Al Jazeera 23 July 2005
In talks scheduled with US Secretary of State Condoleezza Rice, Palestinian Authority leader Mahmoud Abbas will seek to obtain assurances that Israel will stick to the peace plan. Rice met Palestinian Prime Minister Ahmed Qureia, together with several Palestinian cabinet ministers on Saturday, at the start of a day-long series of talks.
Later she was to meet President Mahmoud Abbas and Palestinian Interior Minister Nasser Yousef, who is responsible for the Palestinian security forces, amid signs the Palestinians were buckling under heavy Israeli and US pressure to clamp down on resistance groups such as Hamas and the Islamic Jihad.

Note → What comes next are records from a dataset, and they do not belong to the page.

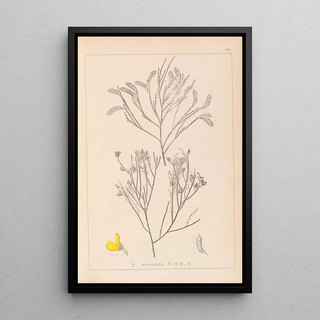 Herbier de la flore française Pl0173 - Louis Antoine Cusin — framed artwork on a wall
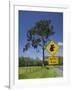 Australia, Queensland, Fraser Coast, Maryborough, Koala Crossing Sign on the Bruce Highway-Walter Bibikow-Framed Photographic Print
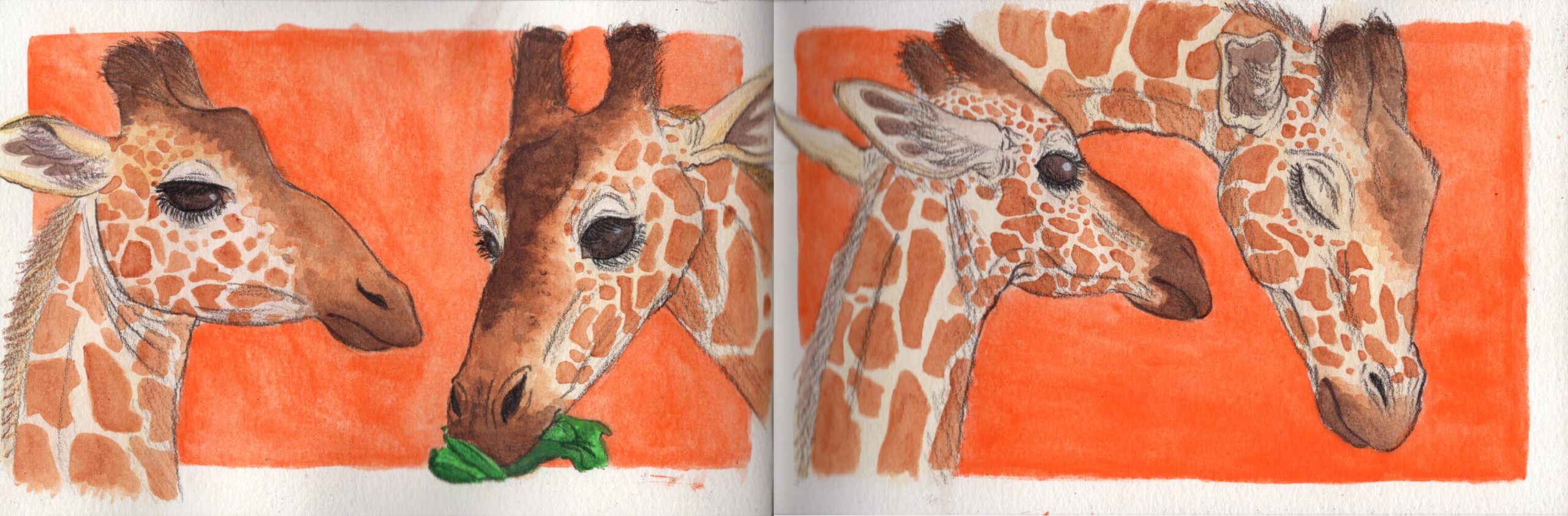 girafferesize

“Rice demanded more Palestinian efforts to consolidate the truce,” said Palestinian Planning Minister Ghassan Khatib, who attended the meeting. Israel and the Palestinians declared an end to the more-than four years of violence at a February summit in Egypt.
Actions welcomed
Earlier, Rice welcomed the actions of the Palestinian police. “The Palestinians have begun to act,” she said. “I would just encourage them in that work because I am quite certain that Palestinian mothers and fathers and grandparents want a world in which their children can live in peace and prosperity just as Israeli parents and grandparents want the same for their children.”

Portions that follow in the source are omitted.